WHAT YOU WILL DO: The material below holds the lines to copy: from the one with "2pcs 30X40cm Silicone" up to and including the one with "Fendi Clutch met knoopsluiting – Zwart". Copy them exactly and skip the pictures.

RECORDED DATA:
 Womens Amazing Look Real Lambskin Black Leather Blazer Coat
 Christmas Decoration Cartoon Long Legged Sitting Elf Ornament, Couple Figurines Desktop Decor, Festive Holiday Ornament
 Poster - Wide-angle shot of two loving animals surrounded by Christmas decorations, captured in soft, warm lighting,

* * *

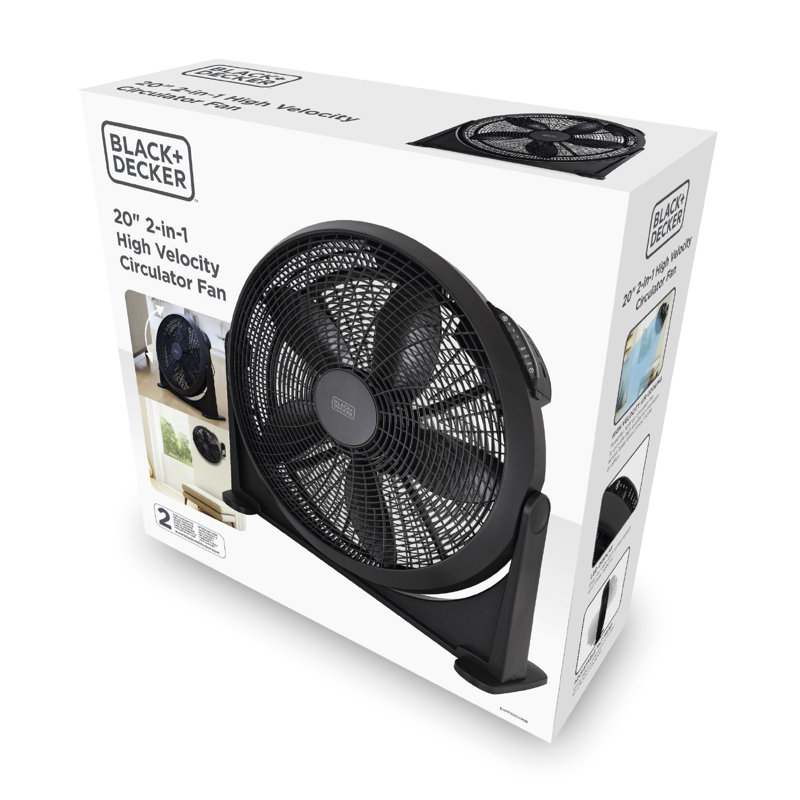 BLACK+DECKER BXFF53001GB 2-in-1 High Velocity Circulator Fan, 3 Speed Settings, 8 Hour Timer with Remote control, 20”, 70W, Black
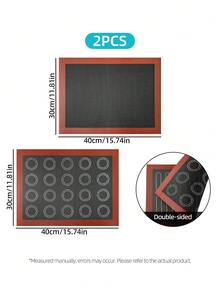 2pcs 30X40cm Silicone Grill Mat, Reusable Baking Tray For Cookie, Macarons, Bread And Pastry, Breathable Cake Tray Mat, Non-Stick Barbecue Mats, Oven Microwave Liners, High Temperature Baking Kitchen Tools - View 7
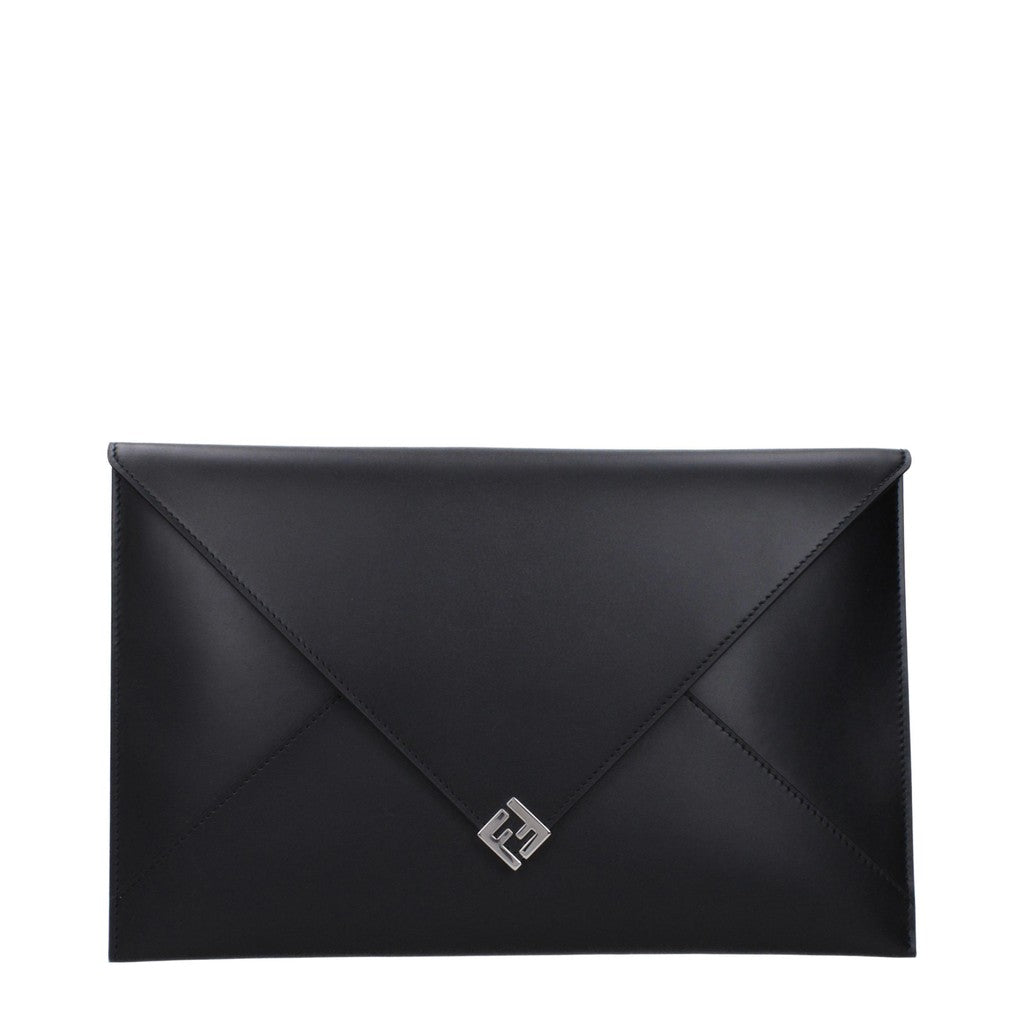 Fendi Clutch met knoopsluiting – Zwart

--

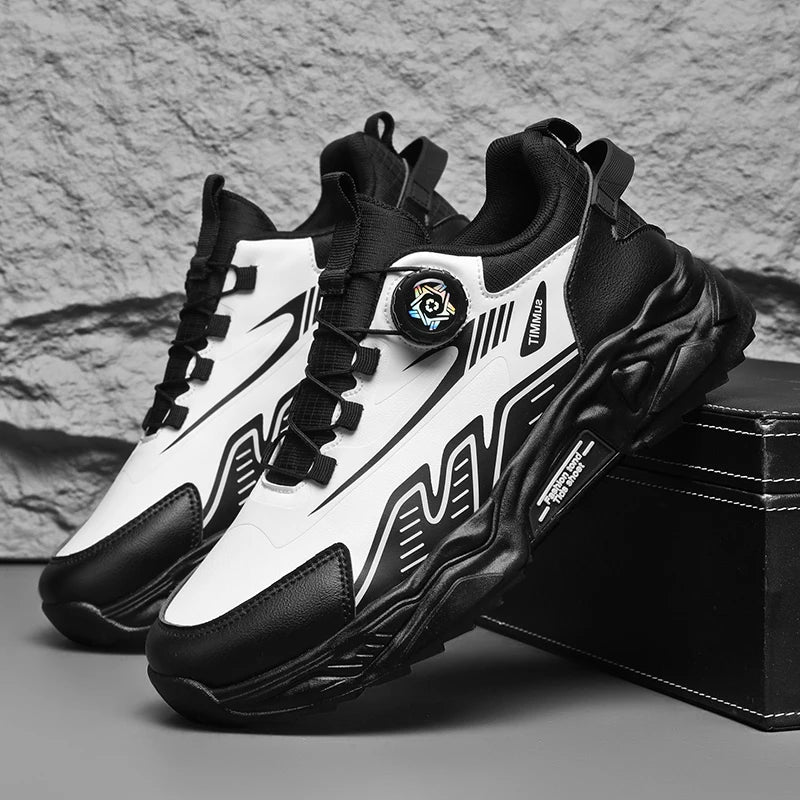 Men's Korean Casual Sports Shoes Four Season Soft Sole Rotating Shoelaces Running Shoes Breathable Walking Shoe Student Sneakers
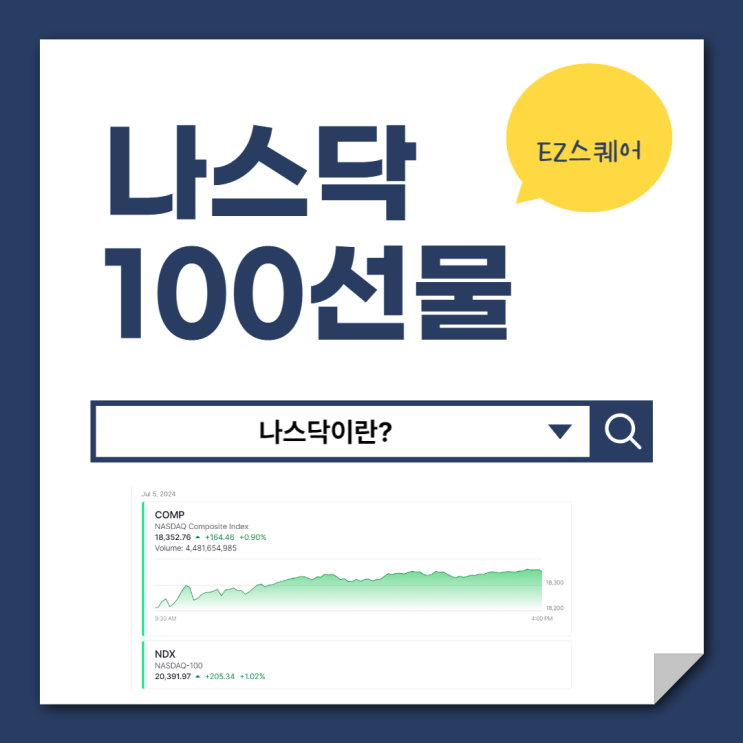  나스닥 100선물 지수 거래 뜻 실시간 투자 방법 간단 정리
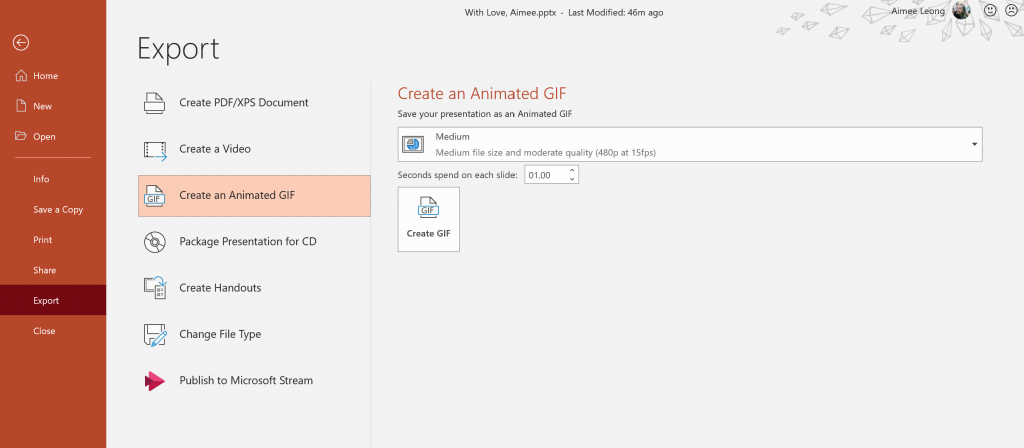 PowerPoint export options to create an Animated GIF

TASK RESPONSE:
 2pcs 30X40cm Silicone Grill Mat, Reusable Baking Tray For Cookie, Macarons, Bread And Pastry, Breathable Cake Tray Mat, Non-Stick Barbecue Mats, Oven Microwave Liners, High Temperature Baking Kitchen Tools - View 7
 Fendi Clutch met knoopsluiting – Zwart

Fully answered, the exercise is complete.